What this task involves – Return the entries verbatim and drop every picture.

Data records:
========
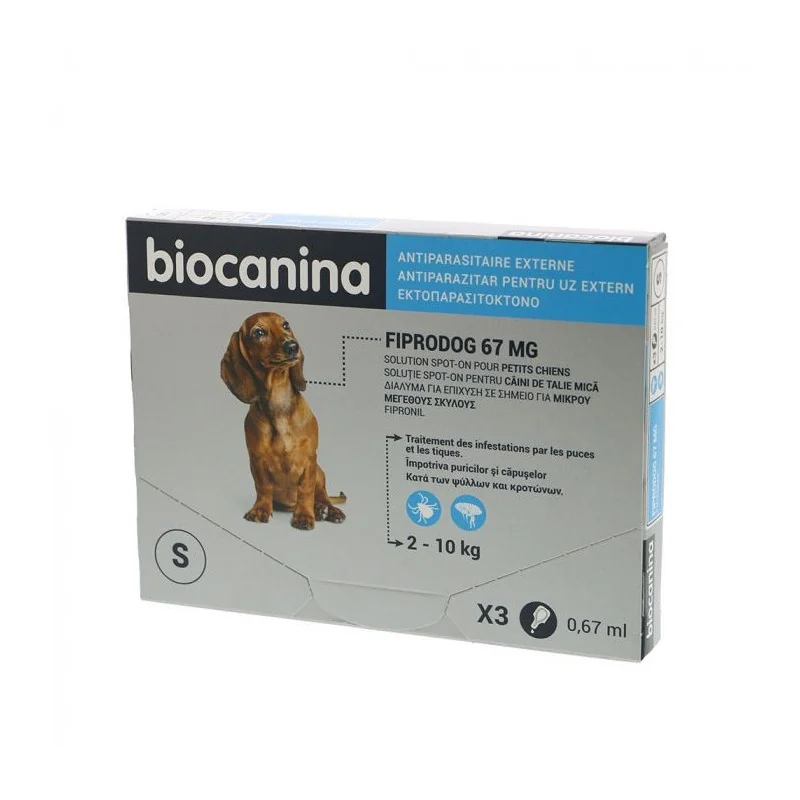 Biocanina Fiprodog 67mg Antiparasitaire Externe 2-10kg 3 Pipettes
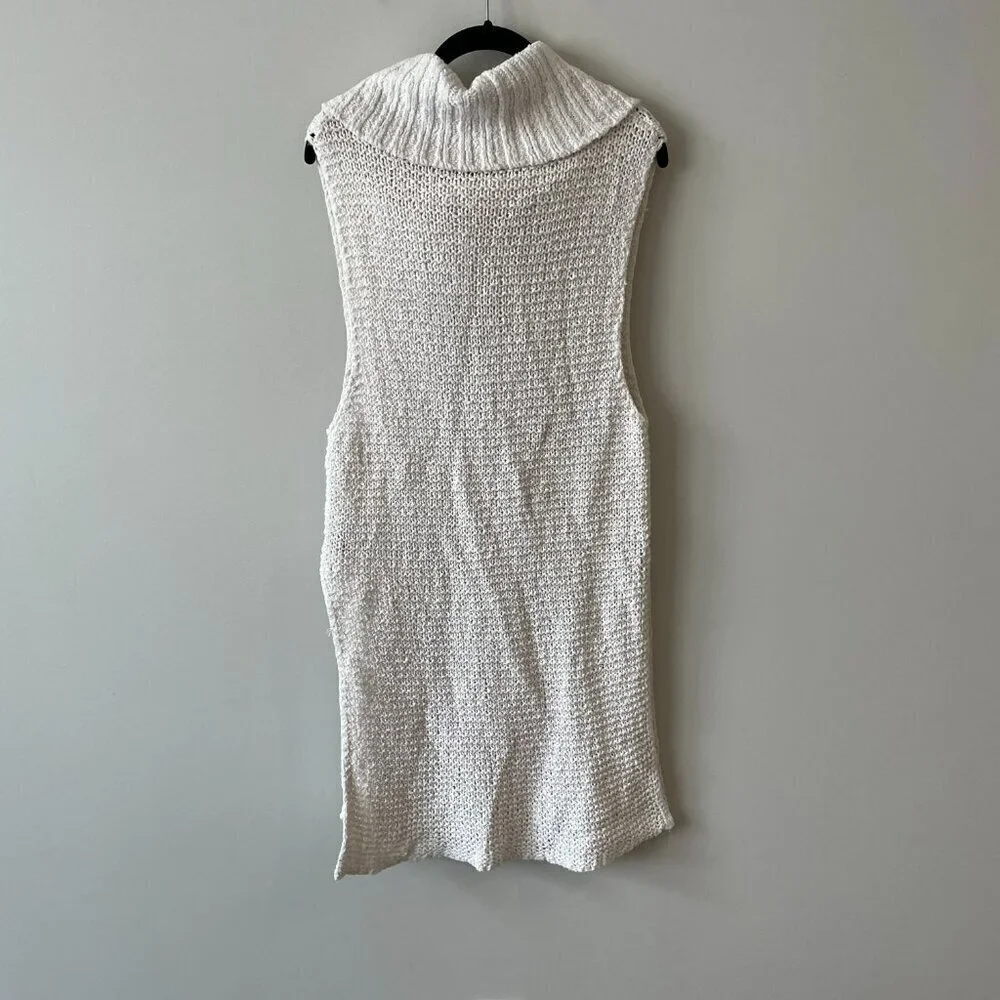 Free People Turtleneck Sleeveless Side Slits Casual Pullover Sweater White Small - Picture 3 of 8
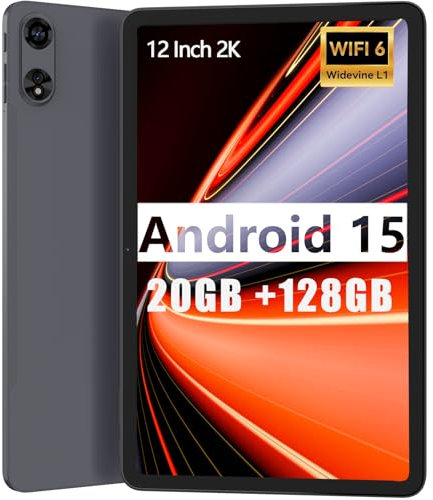 HUIHUANG Tablet 12-inch Android 14 Tablet, 20GB RAM 128GB ROM, 1TB Expansion, Octa-core, 8000mAh Large-Capacity Battery, 5MP + 13MP Dual Camera, 5G/2.4G WiFi, Bluetooth 5.0, GPS - Black
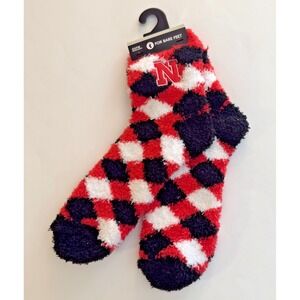 NEW! For Bare Feet Nebraska Cornhuskers Crew Socks Mens 5-12 Womens 6-11 NCAA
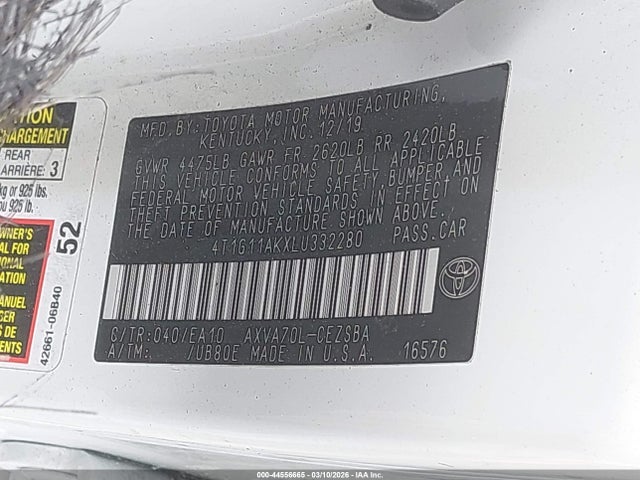 4T1G11AKXLU332280 Toyota CAMRY SE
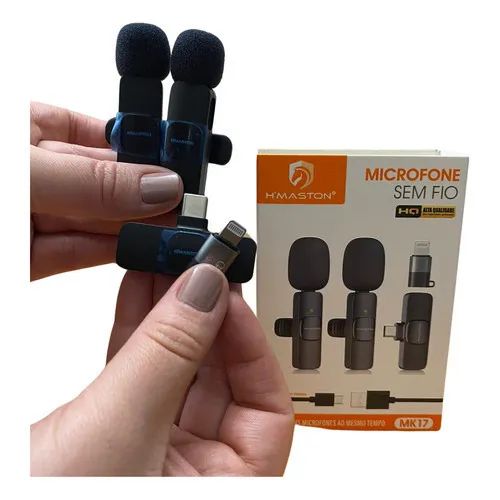Microfone de Lapela Sem Fio Duplo Tipo-C e iPhone Lighting H'maston MK17 - Foto 4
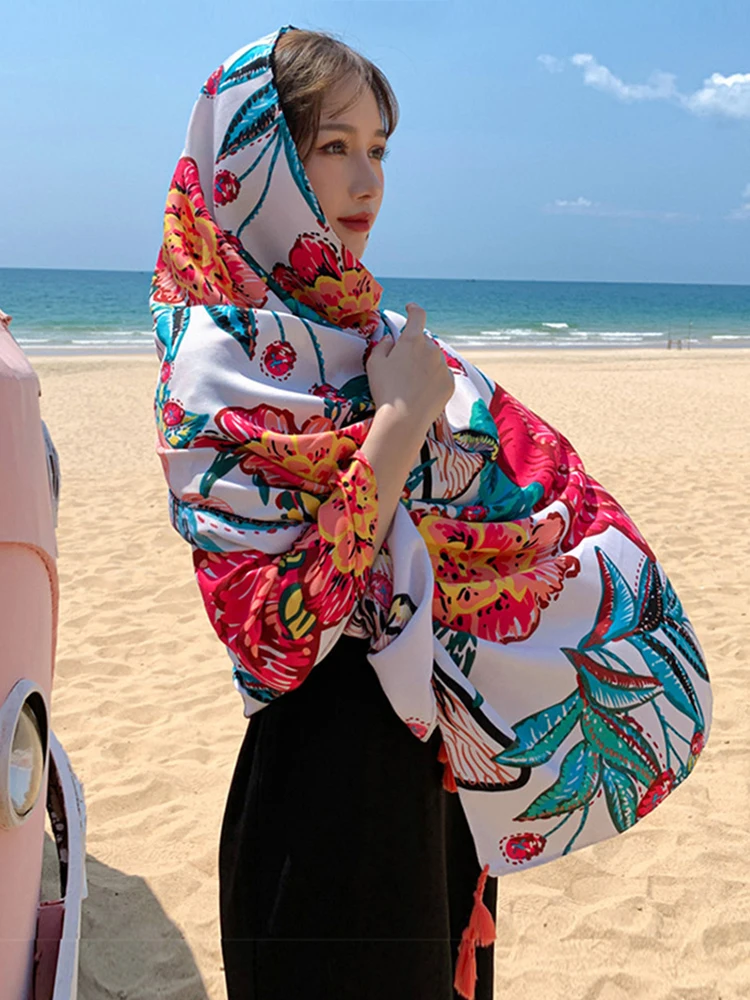 Summer Silk Scarf Women Sarong Beach Wrap Lady Female Bikini Cover Up Sunscreen Bandana Hijab Femme Mujer Scarve Bufanda Stoles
========
Output of the task –
 Biocanina Fiprodog 67mg Antiparasitaire Externe 2-10kg 3 Pipettes
 Free People Turtleneck Sleeveless Side Slits Casual Pullover Sweater White Small - Picture 3 of 8
 HUIHUANG Tablet 12-inch Android 14 Tablet, 20GB RAM 128GB ROM, 1TB Expansion, Octa-core, 8000mAh Large-Capacity Battery, 5MP + 13MP Dual Camera, 5G/2.4G WiFi, Bluetooth 5.0, GPS - Black
 NEW! For Bare Feet Nebraska Cornhuskers Crew Socks Mens 5-12 Womens 6-11 NCAA
 4T1G11AKXLU332280 Toyota CAMRY SE
Microfone de Lapela Sem Fio Duplo Tipo-C e iPhone Lighting H'maston MK17 - Foto 4
 Summer Silk Scarf Women Sarong Beach Wrap Lady Female Bikini Cover Up Sunscreen Bandana Hijab Femme Mujer Scarve Bufanda Stoles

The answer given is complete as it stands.